Q2 Sales 368.8 Billion KRW, Operating Profit 8.8 Billion KRW
Down 16.2% and 74.9% Year-on-Year
NCSoft barely avoided a loss in the second quarter of this year. The rebound of its main IP, Lineage M, and cost-efficiency policies such as restructuring helped reduce losses. Amid ongoing concerns about the 'one-game risk,' NCSoft's strategy is to secure new growth engines through external investments for IP expansion.
NCSoft announced on the 5th that it recorded consolidated sales of 368.8 billion KRW and an operating profit of 8.8 billion KRW in the second quarter. These figures represent decreases of 16.2% and 74.9%, respectively, compared to the same period last year.
By region, sales were 240.3 billion KRW in Korea, 56.9 billion KRW in Asia, and 33.9 billion KRW in North America and Europe. Royalty revenue amounted to 37.7 billion KRW, increasing by 15% from the previous quarter due to the Neo Classic server update for Blade & Soul in China. Overseas and royalty revenues accounted for 35% of total sales.
By game, the Lineage IP stood out in sales. Lineage M accounted for the largest share with 107 billion KRW, followed by Lineage W with 65.5 billion KRW, Lineage 2M with 42.3 billion KRW, Lineage with 24.6 billion KRW, Guild Wars 2 with 23.5 billion KRW, Lineage 2 with 21.2 billion KRW, Aion with 13.1 billion KRW, and Blade & Soul with 3.8 billion KRW.
By platform, mobile games recorded sales of 218.2 billion KRW, and PC online games recorded 86.2 billion KRW. Mobile game sales decreased by 13% compared to the previous quarter, and PC online game sales decreased by 6%. However, Lineage M saw a significant increase in user metrics due to its 7th-anniversary update and the launch of the Reboot World.
NCSoft aims for a rebound in the second half through new releases and global expansion. First, the switching RPG (role-playing game) Hoyun will be released on the 28th in Korea, Japan, and Taiwan. NCSoft is also preparing for the global service of TL (THRONE AND LIBERTY) in collaboration with Amazon Games. The company plans to accelerate global regional expansion by preparing services for Blade & Soul 2 in China and Lineage 2M in Southeast Asia.
Hong Won-jun, NCSoft’s Chief Financial Officer (CFO), explained during a conference call that "three new games based on legacy IPs are under development; one is scheduled for release in the fourth quarter of this year, and the other two are planned for release in the first and second halves of next year, respectively."

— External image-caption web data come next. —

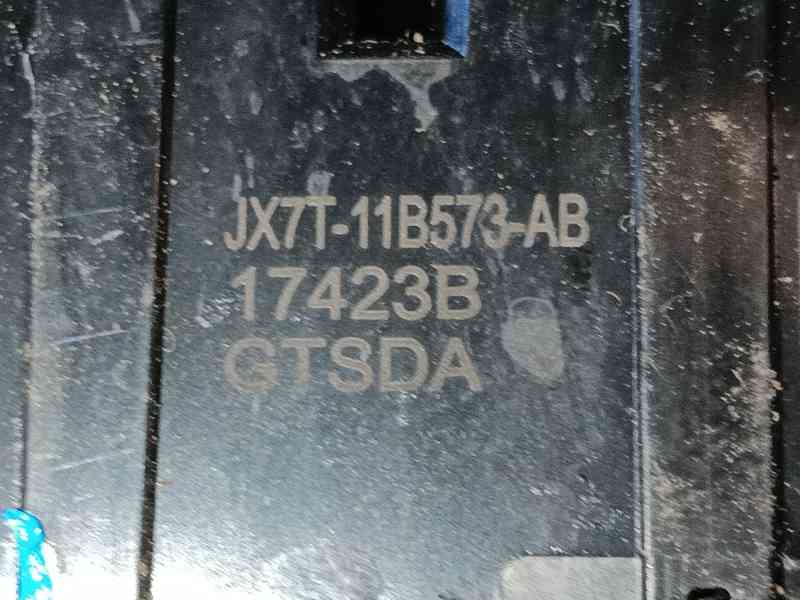 Recambio de boton start/stop off para ford puma (j2k, cf7) 1.0 ecoboost referencia OEM IAM   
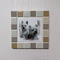 マットカラー/オークル(M)◆Tile Picture Frame(M)/Matte Tone/OCHER◆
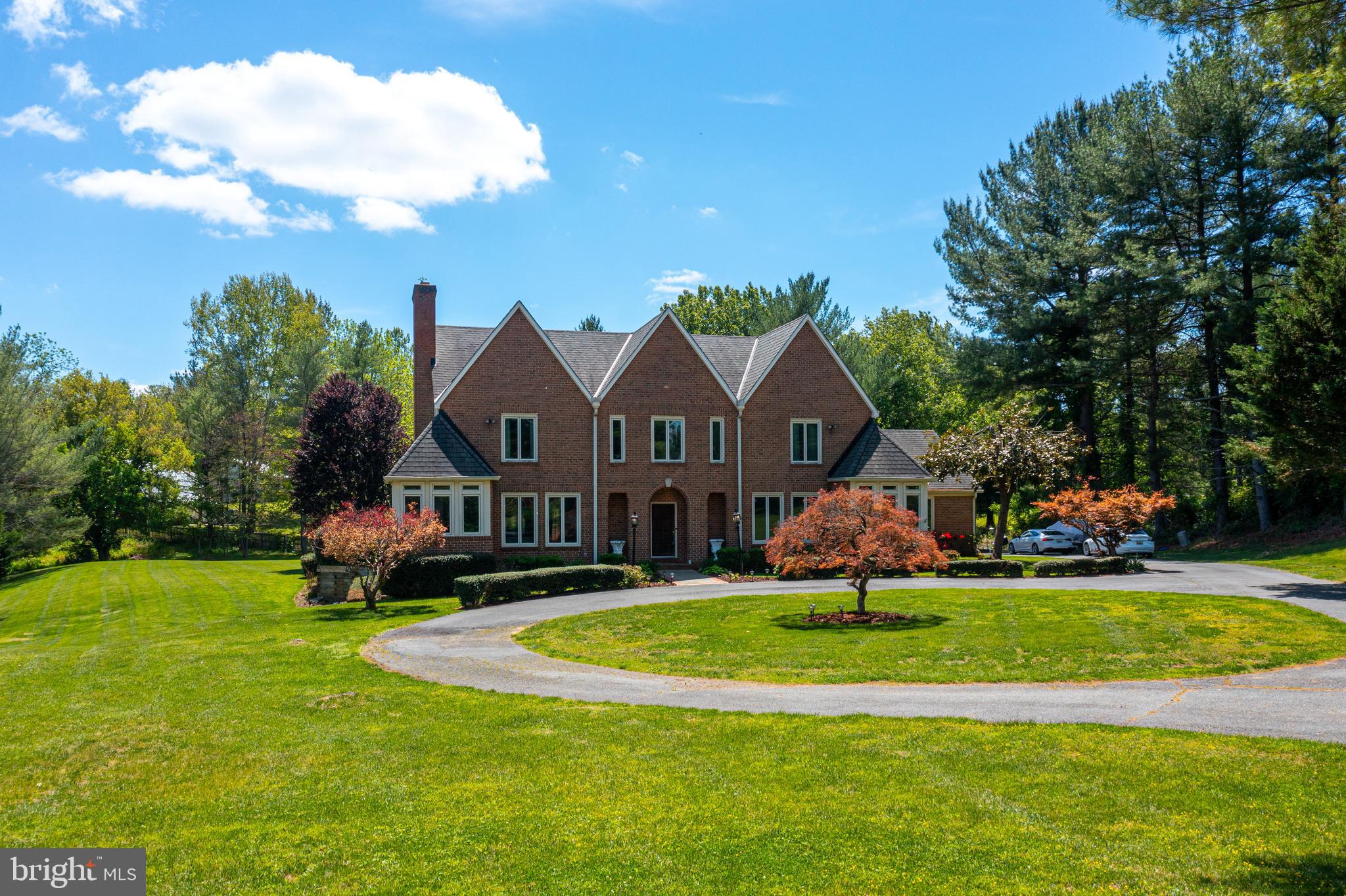 POTOMAC VIEW ESTATES - Residential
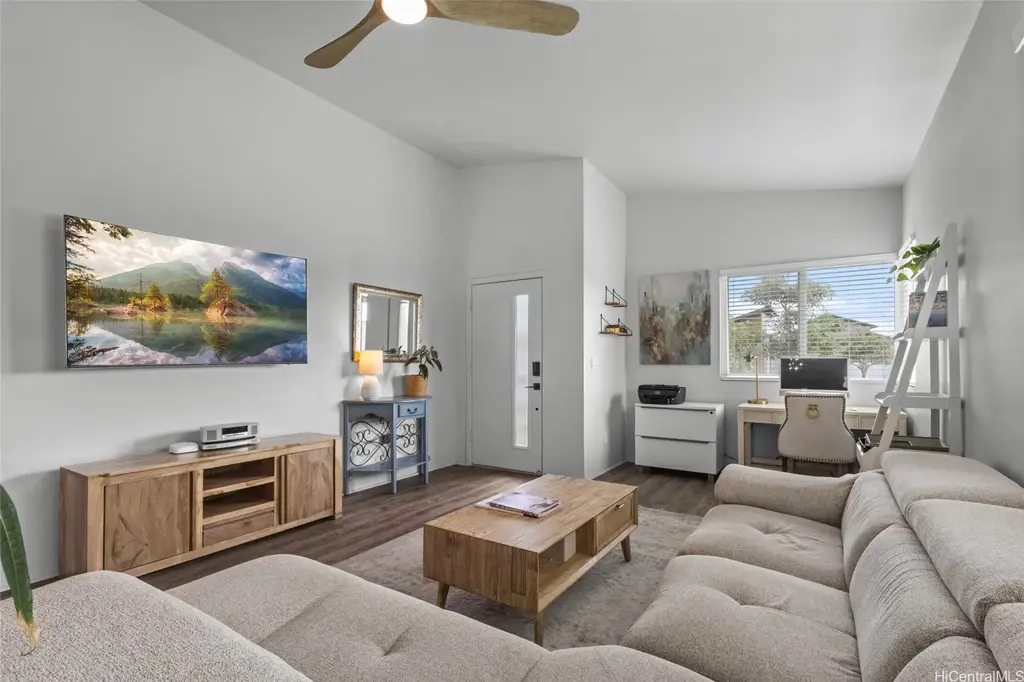 91-1768 Kohanahana Loop, Ewa Beach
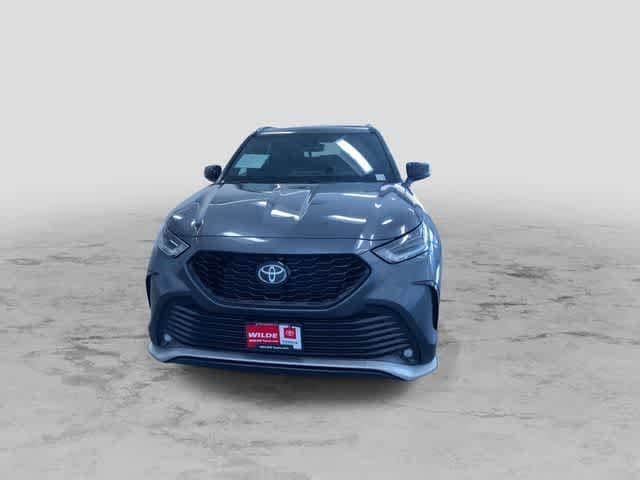 Thumbnail: 2025 Toyota Highlander - 5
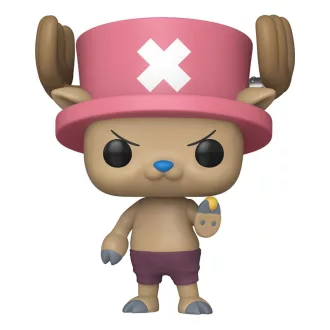 One Piece POP! Animation Vinyl Figura Chopper 9 cm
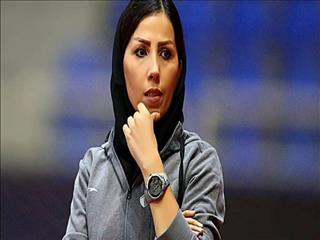 لطفا نگذارید فوتسال بانوان قربانی انتخابات شود / یاری توانایی کسب قهرمانی در آسیا را دارد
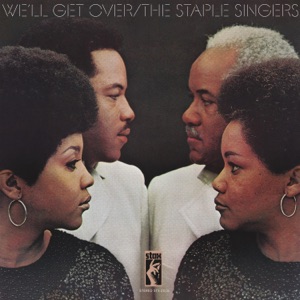 Cover of We’ll Get Over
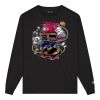 CC8C Unisex Adult Long Sleeve T-Shirt  Thumbnail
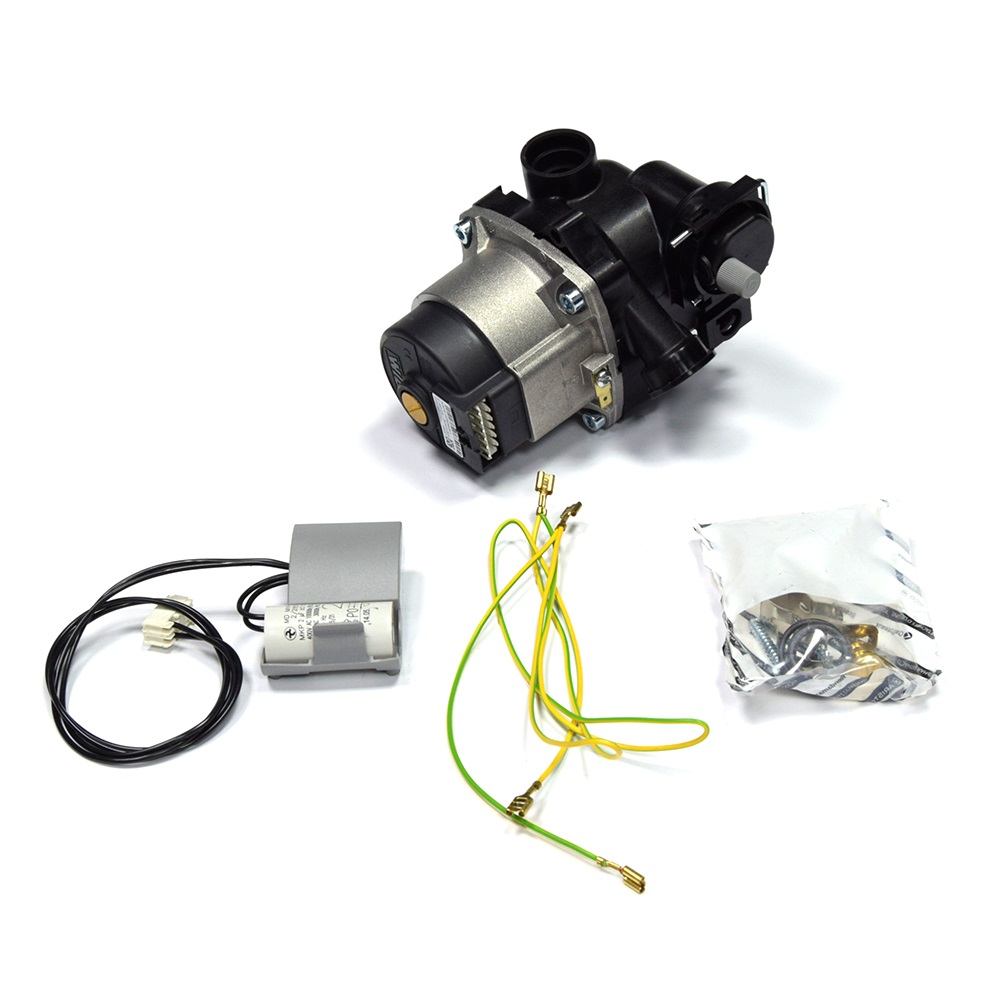 картинка Насос газового котла в Сервисном центре «Близнецов»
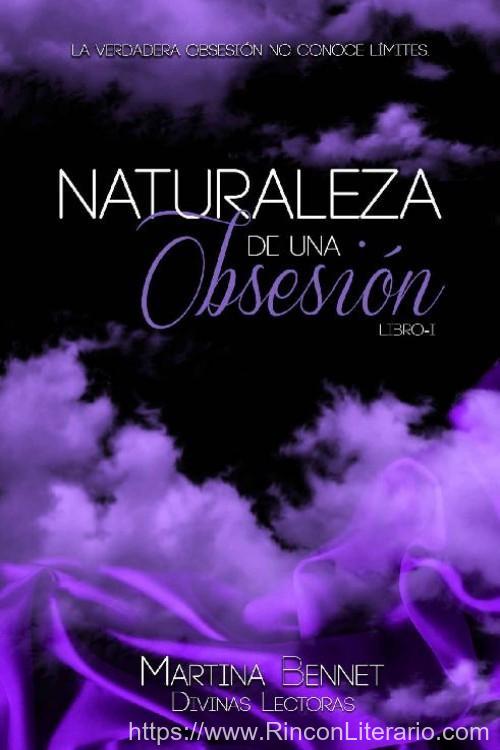 Naturaleza de una obsesión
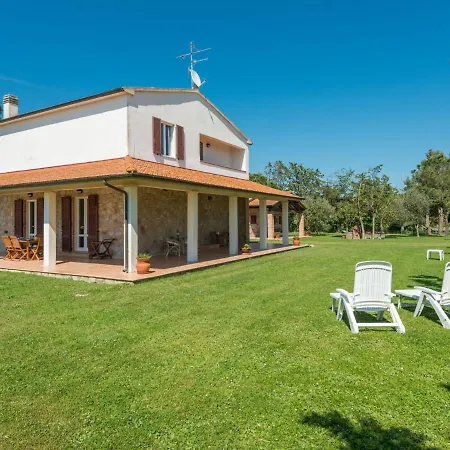 Casa Judith By Interhome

He added, "We are preparing for the global service of TL within this year, as well as the expansion of Blade & Soul 2 in China and Lineage 2M in Southeast Asia. In particular, for Lineage 2M, we are establishing a joint venture with a local company ahead of the launch, which will be finalized soon."
NCSoft is investing in diversifying its game portfolio with genres such as shooting and subculture, as well as expanding into global markets. Recently, it made a 4.8 billion KRW investment in Moon Rover Games, a Swedish shooting game specialist developer, and completed a 37 billion KRW investment in rights and equity in Big Game Studio, a domestic subculture game specialist developer. The company plans to actively seek additional investment opportunities such as M&A to continue business diversification.
Regarding the investment strategy, CFO Hong said, "Our approach consists of two tracks: investment and M&A. However, I hope these two are not confused." He explained, "Investments may be at an early stage or for rights acquisition. Continuous investments will be made. M&A is aimed at improving overall direction and profitability."
Addressing concerns about profitability decline due to genre diversification, he emphasized, "Diversifying genres does not affect our focus and concentration on MMO. We will continue to, and even more strongly, promote revenue and profitability growth through legacy IPs."
Restructuring, including workforce reduction, will also continue. CFO Hong stated, "We reduced the number of executives by about 20% at headquarters and implemented a voluntary resignation program in May, with retirement procedures planned through the end of the year. Through this, we plan to reduce headquarters staff to the mid-4,000s by year-end."